ECLI:NL:CRVB:2024:2041
Centrale Raad van Beroep
- Verzet
- Rechtspraak.nl
Verzet tegen niet-ontvankelijk verklaring van hoger beroep wegens niet-betaling griffierecht
Op 24 oktober 2024 heeft de Centrale Raad van Beroep uitspraak gedaan in de zaak met nummer 22/2968 Overig-V. In deze zaak ging het om een verzet dat door appellante was ingediend tegen een eerdere uitspraak van de Raad, waarin het hoger beroep kennelijk niet-ontvankelijk was verklaard omdat het griffierecht niet binnen de gestelde termijn was betaald. De uitspraak van de Raad van 7 maart 2024 had al vastgesteld dat de Raad zich onbevoegd verklaarde om van het hoger beroep kennis te nemen, omdat tegen een uitspraak van de rechtbank, zoals bedoeld in artikel 8:55, zevende lid, van de Algemene wet bestuursrecht, geen hoger beroep kan worden ingesteld. Appellante voerde aan dat de heffing van griffierecht en de procedure voor vrijstelling van griffierecht een ongeoorloofde belemmering vormen voor de toegang tot de rechter.
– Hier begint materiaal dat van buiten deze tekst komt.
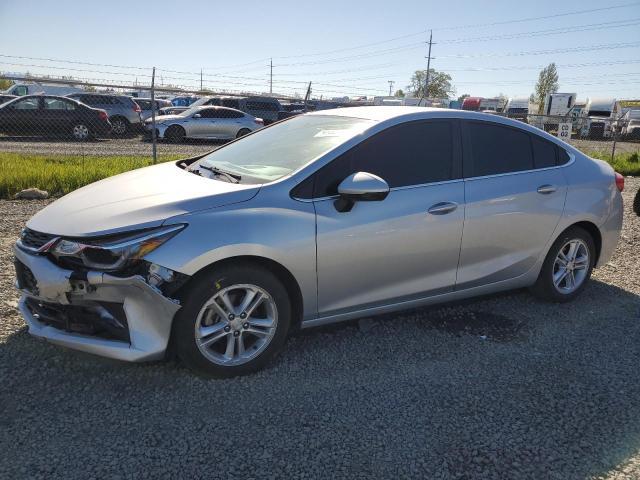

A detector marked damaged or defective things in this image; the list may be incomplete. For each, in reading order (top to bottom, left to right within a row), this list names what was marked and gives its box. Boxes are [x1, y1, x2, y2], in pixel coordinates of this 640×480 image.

crumpled bumper [13, 246, 182, 362]
front end damage [13, 244, 185, 360]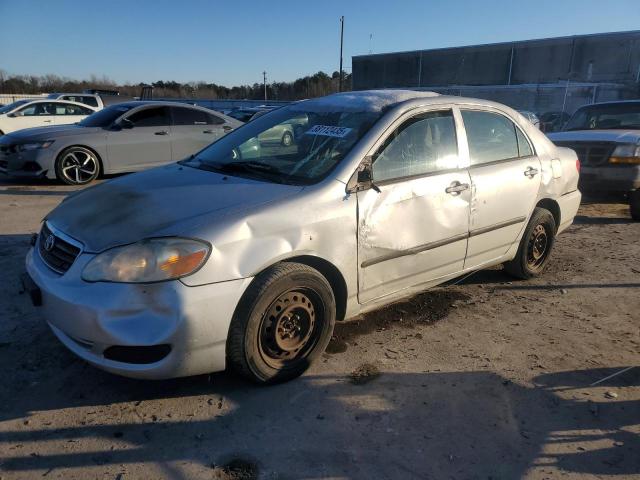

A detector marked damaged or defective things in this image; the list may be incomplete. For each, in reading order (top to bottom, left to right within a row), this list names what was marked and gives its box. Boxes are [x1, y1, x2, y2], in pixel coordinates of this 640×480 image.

De Raad oordeelde echter dat deze grond niet slaagde, aangezien het wettelijke appelverbod alleen kan worden doorbroken bij evidente schending van fundamentele rechtsbeginselen of goede procesorde. De Raad concludeerde dat er geen aanleiding was om het appelverbod te doorbreken en dat de regeling omtrent griffierecht in het bestuursrecht in het algemeen de toegang tot de rechter niet belemmert. Het verzet werd dan ook ongegrond verklaard, en er was geen aanleiding voor een proceskostenveroordeling.